*** Opening of Data excerpts ***

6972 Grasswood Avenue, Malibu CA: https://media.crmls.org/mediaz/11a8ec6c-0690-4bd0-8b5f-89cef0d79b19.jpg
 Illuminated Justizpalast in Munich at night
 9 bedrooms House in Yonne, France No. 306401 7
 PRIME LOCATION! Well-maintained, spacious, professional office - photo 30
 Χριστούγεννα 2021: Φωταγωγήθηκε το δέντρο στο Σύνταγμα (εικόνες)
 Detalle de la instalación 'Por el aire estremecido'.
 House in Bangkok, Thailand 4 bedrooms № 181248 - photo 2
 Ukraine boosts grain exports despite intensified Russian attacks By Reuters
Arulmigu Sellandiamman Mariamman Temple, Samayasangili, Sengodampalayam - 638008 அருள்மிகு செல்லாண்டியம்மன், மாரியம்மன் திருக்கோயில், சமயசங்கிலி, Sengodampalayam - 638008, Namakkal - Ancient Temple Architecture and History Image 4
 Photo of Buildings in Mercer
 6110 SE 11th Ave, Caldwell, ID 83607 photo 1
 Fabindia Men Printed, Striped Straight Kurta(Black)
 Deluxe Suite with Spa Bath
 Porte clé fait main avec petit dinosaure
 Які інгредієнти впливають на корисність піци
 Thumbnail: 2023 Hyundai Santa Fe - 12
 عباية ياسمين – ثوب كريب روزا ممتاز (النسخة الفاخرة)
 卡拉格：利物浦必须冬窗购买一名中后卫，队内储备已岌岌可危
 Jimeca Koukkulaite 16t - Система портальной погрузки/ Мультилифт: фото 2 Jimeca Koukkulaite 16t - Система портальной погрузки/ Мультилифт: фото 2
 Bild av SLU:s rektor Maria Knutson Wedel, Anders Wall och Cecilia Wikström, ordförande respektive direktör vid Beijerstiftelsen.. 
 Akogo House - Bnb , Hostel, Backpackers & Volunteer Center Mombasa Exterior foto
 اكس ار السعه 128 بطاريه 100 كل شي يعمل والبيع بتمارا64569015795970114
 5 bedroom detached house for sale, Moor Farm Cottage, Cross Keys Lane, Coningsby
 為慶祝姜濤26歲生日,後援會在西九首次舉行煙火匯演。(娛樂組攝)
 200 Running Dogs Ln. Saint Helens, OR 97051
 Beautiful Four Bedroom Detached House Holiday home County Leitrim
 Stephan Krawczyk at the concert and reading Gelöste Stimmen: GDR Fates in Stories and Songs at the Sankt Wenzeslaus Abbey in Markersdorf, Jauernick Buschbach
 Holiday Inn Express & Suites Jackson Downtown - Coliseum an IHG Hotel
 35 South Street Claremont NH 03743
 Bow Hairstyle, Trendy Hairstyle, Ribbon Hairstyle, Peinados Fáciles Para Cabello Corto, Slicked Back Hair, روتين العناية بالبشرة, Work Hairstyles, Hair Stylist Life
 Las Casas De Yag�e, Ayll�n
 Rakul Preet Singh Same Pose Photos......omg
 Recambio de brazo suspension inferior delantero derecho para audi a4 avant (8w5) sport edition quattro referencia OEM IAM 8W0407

*** Close of Data excerpts ***

Reproduce only the lines above, starting at the line with "Detalle de la" and ending at the line with "Akogo House - Bnb", exactly as written.

 Detalle de la instalación 'Por el aire estremecido'.
 House in Bangkok, Thailand 4 bedrooms № 181248 - photo 2
 Ukraine boosts grain exports despite intensified Russian attacks By Reuters
Arulmigu Sellandiamman Mariamman Temple, Samayasangili, Sengodampalayam - 638008 அருள்மிகு செல்லாண்டியம்மன், மாரியம்மன் திருக்கோயில், சமயசங்கிலி, Sengodampalayam - 638008, Namakkal - Ancient Temple Architecture and History Image 4
 Photo of Buildings in Mercer
 6110 SE 11th Ave, Caldwell, ID 83607 photo 1
 Fabindia Men Printed, Striped Straight Kurta(Black)
 Deluxe Suite with Spa Bath
 Porte clé fait main avec petit dinosaure
 Які інгредієнти впливають на корисність піци
 Thumbnail: 2023 Hyundai Santa Fe - 12
 عباية ياسمين – ثوب كريب روزا ممتاز (النسخة الفاخرة)
 卡拉格：利物浦必须冬窗购买一名中后卫，队内储备已岌岌可危
 Jimeca Koukkulaite 16t - Система портальной погрузки/ Мультилифт: фото 2 Jimeca Koukkulaite 16t - Система портальной погрузки/ Мультилифт: фото 2
 Bild av SLU:s rektor Maria Knutson Wedel, Anders Wall och Cecilia Wikström, ordförande respektive direktör vid Beijerstiftelsen.. 
 Akogo House - Bnb , Hostel, Backpackers & Volunteer Center Mombasa Exterior foto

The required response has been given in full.